## Coding session 3: Multipopulation analysis

In this session we will focusing on three spatial metrics that account for more than two populations simultaneously:

1. Quadrat Correlation Matrix

2. Adjacency Permutation Test

3. Neighbourhood Clustering

This session is a free play session and we provide a list of questions for each metric to guide your analysis. These are not designed in any order, you can choose which ever metric you'd work on first.

For all three sections, we'll use the `Mouse-Colon-Carcinoma` dataset stored in the muspan `datasets` module. Here's a reminder on how to load in this dataset:

In [1]:
# Import the muspan module
import muspan as ms

# Load the 'Mouse-Colon-Carcinoma' example domain from the muspan datasets
a_domain = ms.datasets.load_example_domain('Mouse-Colon-Carcinoma')

MuSpAn domain loaded successfully. Domain summary:
Domain name: Mouse cells
Number of objects: 6676
Collections: ['Cell centres']
Labels: ['Celltype', 'CD4'] 
Networks: [] 
Distance matrices: []


### Quadrat Correlation Matrix

Using our [documentation](https://docs.muspan.co.uk/latest/generated/muspan.region_based.quadrat_correlation_matrix.html#muspan.region_based.quadrat_correlation_matrix) and [tutorial](https://docs.muspan.co.uk/latest/_collections/region_based_analysis/quadrat_correlation.html) on the QCM, try and answer the following question in the 'Mouse-Colon-Carcinoma' dataset:

1. What does the Quadrat Correlation Matrix reveal about the spatial relationships between different cell populations in the 'Mouse-Colon-Carcinoma' dataset?

2. Are there any specific cell populations that exhibit strong positive or negative correlations? What might these correlations indicate about their spatial interactions?

3. How does chaning the region type impact the QCM results? 

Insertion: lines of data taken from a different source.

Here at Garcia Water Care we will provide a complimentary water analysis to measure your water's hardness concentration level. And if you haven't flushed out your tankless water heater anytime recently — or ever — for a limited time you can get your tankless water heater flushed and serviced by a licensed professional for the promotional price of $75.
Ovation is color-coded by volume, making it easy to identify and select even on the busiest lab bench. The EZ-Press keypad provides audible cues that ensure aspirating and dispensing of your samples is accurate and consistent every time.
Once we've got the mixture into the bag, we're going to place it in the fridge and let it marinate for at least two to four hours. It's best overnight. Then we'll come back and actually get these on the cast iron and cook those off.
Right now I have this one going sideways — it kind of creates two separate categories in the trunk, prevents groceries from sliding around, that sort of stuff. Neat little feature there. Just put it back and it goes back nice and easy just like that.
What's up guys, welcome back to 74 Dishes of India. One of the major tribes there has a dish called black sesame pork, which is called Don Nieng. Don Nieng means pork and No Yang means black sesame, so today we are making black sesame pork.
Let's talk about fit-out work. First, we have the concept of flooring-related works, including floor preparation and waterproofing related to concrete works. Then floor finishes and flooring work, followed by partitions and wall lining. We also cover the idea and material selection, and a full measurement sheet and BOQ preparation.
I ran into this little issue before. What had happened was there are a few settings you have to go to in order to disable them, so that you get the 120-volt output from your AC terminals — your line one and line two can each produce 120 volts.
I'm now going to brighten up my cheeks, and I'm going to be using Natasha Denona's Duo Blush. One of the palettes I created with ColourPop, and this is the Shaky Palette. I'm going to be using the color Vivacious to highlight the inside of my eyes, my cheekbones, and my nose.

4. Is there a characteristic length scale of co-localisation in the dataset? How can this be identified?

5. How do the observed correlations between cell populations compare to what would be expected under spatial randomness? What biological insights can be drawn from any deviations?

6. Can you identify any patterns or clusters in the QCM that suggest higher-order spatial dependencies among multiple cell populations? How might these patterns relate to tumor microenvironment dynamics?

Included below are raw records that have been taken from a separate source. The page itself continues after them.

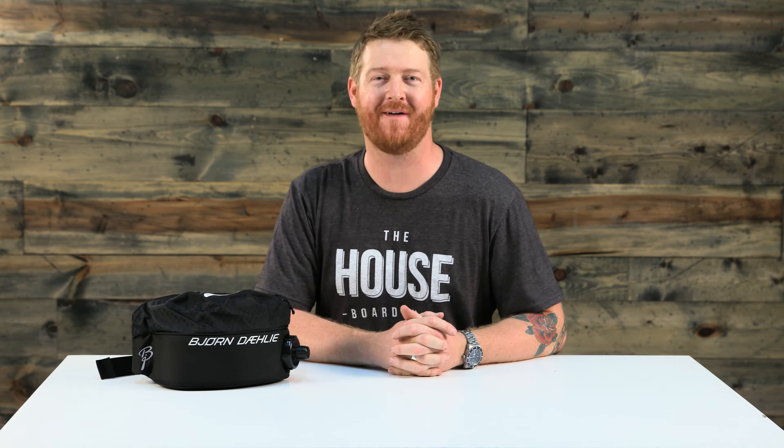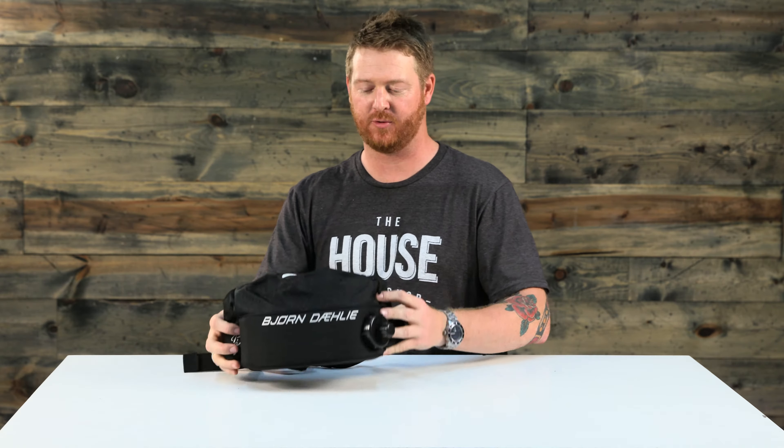Hello, I'm Matt Goff from TheHouse.com and this is a 2017 Bjorn Adali Drink Belt Winter Fanny Pack. This is a hydration hip pack designed for Nordic skiers, but anyone else can use it as well.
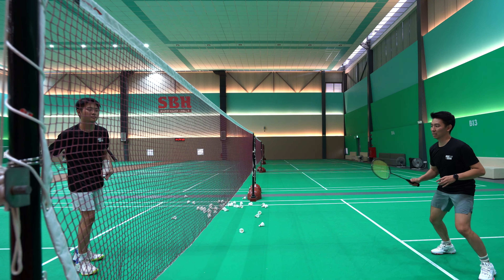Welcome back to Badminton in a Minute. Today we're going to explore the backhand push. You're going to use this when your opponent gives you a front court shot and it's a little bit loose, and you can attack your opponent by using a backhand push.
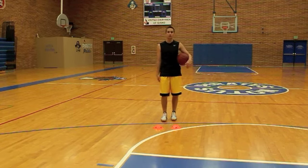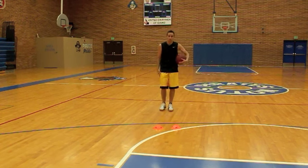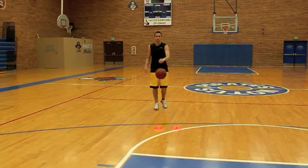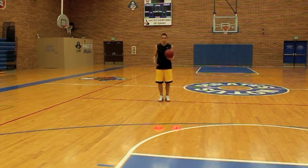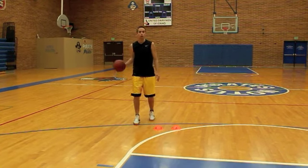Move number one in the swipe dribble series is a transition move where you're coming up on either a stationary defender or a defender that's moving backwards. Basically, you put it in one hand — it doesn't matter which one — and you push it out towards the defender. Then with your opposite hand you're catching it and swiping it back across.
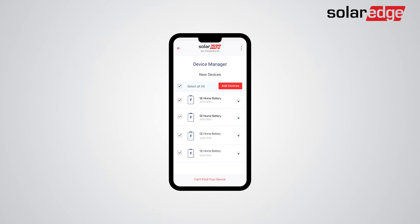If not all batteries were detected, tap "Can't find your device." Now click "Add Devices" to add the selected batteries and follow the Configuration Wizard instructions.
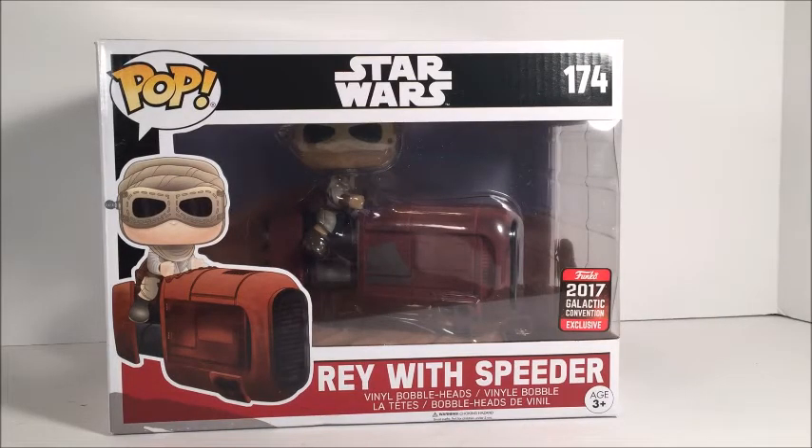Hey guys, Sky Skywalker here today with another Funko Pop figure review. Today we are going to be looking at the Celebration 2017 exclusive of Rey with her Speeder. You have no idea how excited I am to have this pop figure. She actually went on sale on walmart.com and I got her within around 20 minutes after she went on sale. She sold out really fast and I think she is still sold out on their website. I'm very excited to have this part of my collection, especially because how difficult she is going to be to find.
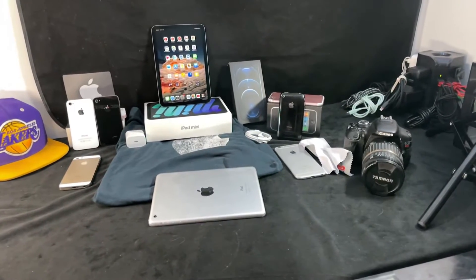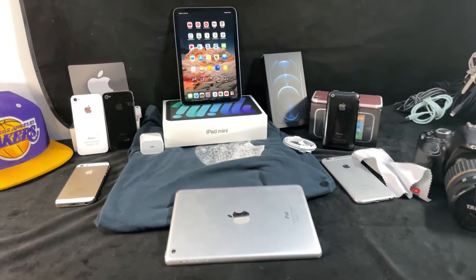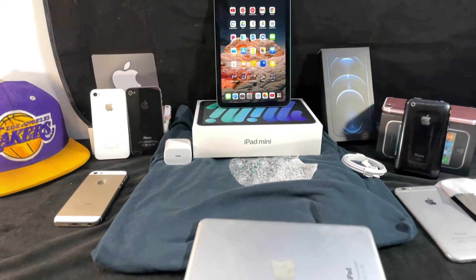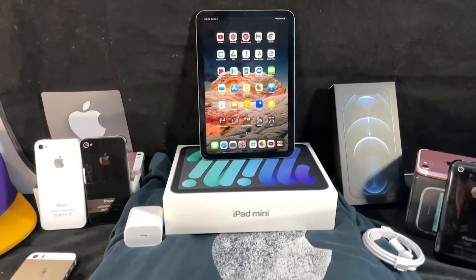The iPad Mini 6 is available in 4 different colors: space gray, pink, starlight, and purple. 64 or 256 GB storage — I went with the 256. Weight is 292 grams. It has 4 speakers for stereo audio and a USB-C 3.1 Gen 1 port for charging.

7. How does the QCM change when analysing different regions of the domain (e.g., sample core vs. periphery)? What does this tell us about the heterogeneity of spatial interactions in the dataset?


### Adjacency Permutation Test

Using our documentation on [generating networks](https://docs.muspan.co.uk/latest/generated/muspan.networks.generate_network.html#muspan.networks.generate_network) (and tutorials) and [Adjacency Permutation Test](https://docs.muspan.co.uk/latest/generated/muspan.networks.adjacency_permutation_test.html#muspan.networks.adjacency_permutation_test), try and answer the following question in the 'Mouse-Colon-Carcinoma' dataset:

1. Which cells pairs are significantly adjacnecy up to a distance of 40µm? 

2. What is the impact of changing between the 'Delaunay' and 'proximity' network type? What is the interpretation of these spatial networks?

3. How does the choice of distance threshold impact the results of the adjacency permutation test? 

4. Can you identify any clusters or regions where adjacency patterns deviate significantly from randomness? How might these relate to tumor microenvironment dynamics?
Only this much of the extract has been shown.